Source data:
○ ○ ○
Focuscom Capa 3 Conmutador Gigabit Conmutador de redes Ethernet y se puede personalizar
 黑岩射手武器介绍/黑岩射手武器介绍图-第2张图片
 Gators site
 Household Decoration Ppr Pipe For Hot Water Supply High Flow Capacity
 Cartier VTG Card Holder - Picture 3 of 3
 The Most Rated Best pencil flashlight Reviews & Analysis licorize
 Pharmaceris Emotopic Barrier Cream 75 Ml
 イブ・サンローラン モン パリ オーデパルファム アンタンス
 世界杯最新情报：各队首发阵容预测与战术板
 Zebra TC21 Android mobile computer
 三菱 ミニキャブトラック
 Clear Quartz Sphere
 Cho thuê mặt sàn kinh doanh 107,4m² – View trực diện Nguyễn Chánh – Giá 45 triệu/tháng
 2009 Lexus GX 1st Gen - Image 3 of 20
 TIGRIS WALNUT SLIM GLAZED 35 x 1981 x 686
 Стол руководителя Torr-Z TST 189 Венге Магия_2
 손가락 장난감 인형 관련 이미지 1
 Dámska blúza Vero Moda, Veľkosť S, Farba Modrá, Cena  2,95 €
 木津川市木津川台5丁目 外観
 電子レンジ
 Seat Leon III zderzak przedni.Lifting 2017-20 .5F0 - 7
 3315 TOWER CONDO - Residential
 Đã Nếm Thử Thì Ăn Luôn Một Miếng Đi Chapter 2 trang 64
○ ○ ○
Problem to solve:
The records above need to be retyped in full, exactly as given.

Task result:
Focuscom Capa 3 Conmutador Gigabit Conmutador de redes Ethernet y se puede personalizar
 黑岩射手武器介绍/黑岩射手武器介绍图-第2张图片
 Gators site
 Household Decoration Ppr Pipe For Hot Water Supply High Flow Capacity
 Cartier VTG Card Holder - Picture 3 of 3
 The Most Rated Best pencil flashlight Reviews & Analysis licorize
 Pharmaceris Emotopic Barrier Cream 75 Ml
 イブ・サンローラン モン パリ オーデパルファム アンタンス
 世界杯最新情报：各队首发阵容预测与战术板
 Zebra TC21 Android mobile computer
 三菱 ミニキャブトラック
 Clear Quartz Sphere
 Cho thuê mặt sàn kinh doanh 107,4m² – View trực diện Nguyễn Chánh – Giá 45 triệu/tháng
 2009 Lexus GX 1st Gen - Image 3 of 20
 TIGRIS WALNUT SLIM GLAZED 35 x 1981 x 686
 Стол руководителя Torr-Z TST 189 Венге Магия_2
 손가락 장난감 인형 관련 이미지 1
 Dámska blúza Vero Moda, Veľkosť S, Farba Modrá, Cena  2,95 €
 木津川市木津川台5丁目 外観
 電子レンジ
 Seat Leon III zderzak przedni.Lifting 2017-20 .5F0 - 7
 3315 TOWER CONDO - Residential
 Đã Nếm Thử Thì Ăn Luôn Một Miếng Đi Chapter 2 trang 64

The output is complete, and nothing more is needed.